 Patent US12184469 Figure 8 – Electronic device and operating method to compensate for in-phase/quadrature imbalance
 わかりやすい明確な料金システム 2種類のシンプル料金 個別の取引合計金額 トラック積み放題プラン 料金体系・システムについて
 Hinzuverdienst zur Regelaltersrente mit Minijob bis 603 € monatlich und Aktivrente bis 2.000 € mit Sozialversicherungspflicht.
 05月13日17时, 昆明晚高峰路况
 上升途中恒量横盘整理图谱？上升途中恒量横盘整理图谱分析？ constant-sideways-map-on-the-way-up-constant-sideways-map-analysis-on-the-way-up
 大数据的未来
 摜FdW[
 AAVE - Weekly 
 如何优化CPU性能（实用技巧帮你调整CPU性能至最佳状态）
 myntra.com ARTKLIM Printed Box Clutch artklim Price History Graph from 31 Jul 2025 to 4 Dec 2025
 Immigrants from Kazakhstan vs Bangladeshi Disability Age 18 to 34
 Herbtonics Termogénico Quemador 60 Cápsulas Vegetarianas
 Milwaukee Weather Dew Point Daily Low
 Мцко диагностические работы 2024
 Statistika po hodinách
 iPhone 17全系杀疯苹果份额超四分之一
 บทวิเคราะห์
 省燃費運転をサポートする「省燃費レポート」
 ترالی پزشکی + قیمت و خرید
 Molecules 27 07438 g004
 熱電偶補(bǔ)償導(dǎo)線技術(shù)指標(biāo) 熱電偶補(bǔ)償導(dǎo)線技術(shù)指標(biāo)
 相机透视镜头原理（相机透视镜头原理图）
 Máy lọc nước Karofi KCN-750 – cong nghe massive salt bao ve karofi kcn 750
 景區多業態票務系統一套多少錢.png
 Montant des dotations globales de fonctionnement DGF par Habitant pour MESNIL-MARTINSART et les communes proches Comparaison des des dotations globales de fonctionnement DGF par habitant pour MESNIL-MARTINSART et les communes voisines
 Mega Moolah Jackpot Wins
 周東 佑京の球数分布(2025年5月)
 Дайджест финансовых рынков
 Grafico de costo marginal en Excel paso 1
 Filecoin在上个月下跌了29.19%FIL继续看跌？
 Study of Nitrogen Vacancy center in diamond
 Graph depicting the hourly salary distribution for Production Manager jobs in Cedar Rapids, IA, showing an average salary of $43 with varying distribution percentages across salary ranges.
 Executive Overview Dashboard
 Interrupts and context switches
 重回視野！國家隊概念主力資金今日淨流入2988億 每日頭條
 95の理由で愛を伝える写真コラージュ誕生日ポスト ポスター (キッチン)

• [Task description]: All lines in the entries above that hold the word "from" need to be copied.

• [Expected answer]:
 myntra.com ARTKLIM Printed Box Clutch artklim Price History Graph from 31 Jul 2025 to 4 Dec 2025
 Immigrants from Kazakhstan vs Bangladeshi Disability Age 18 to 34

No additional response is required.